Since our migration from Mongo to Postgres in 2018, at the Guardian the search for the perfect database hasn’t stopped. In the last year on the Investigations and Reporting team we’ve spent a lot of time trying out AWS’s Serverless relational databases. We hope that by sharing our learnings we’ll help others avoid the pitfalls we hit along the way.
Application characteristics
The database in question is for a tool called ‘Lurch’. Lurch assembles different public data sources into a single search engine. These data sources vary in size (0.5 to 8GB) and how frequently they’re published (from daily to monthly).
Unfortunately, unlike many Guardian projects, Lurch is currently closed source, so I’m can’t link directly to PRs in this post.
The tool is only accessible to Guardian staff, with a small number of very active users, typically using it within UK working hours.

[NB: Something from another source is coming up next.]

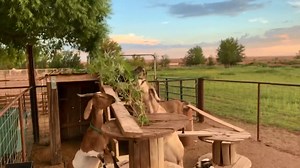 IF WATCHING GOATS MAKES YOU HAPPY - GOATS ON THE FARM WILL BE A MUST WATCH! WATCH THEM PLAY AROUND AND CLIMB THE GOAT JUNGLE GYM. THEY WILL MAKE YOU SMILE! | The Farm on Route 66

The whole point of this application is to provide journalists with quick answers to queries that would otherwise have been too time consuming to answer. With that in mind, good read performance is important.The most commonly used databases at the Guardian are Elasticsearch, Postgres and DynamoDB.
Probably any of these databases would have done the job. We thought Postgres was a good fit because the structure of the data we ingest is very predictable and we need to perform queries across multiple datasets (so lots of JOINs). Existing Postgres expertise on the team was also a consideration.
The tool links lots of different data sources together, so while we considered using a graph database, the data coming out of Lurch is often destined for a journalists’ spreadsheet, so we found it helpful to think about data in terms of tables.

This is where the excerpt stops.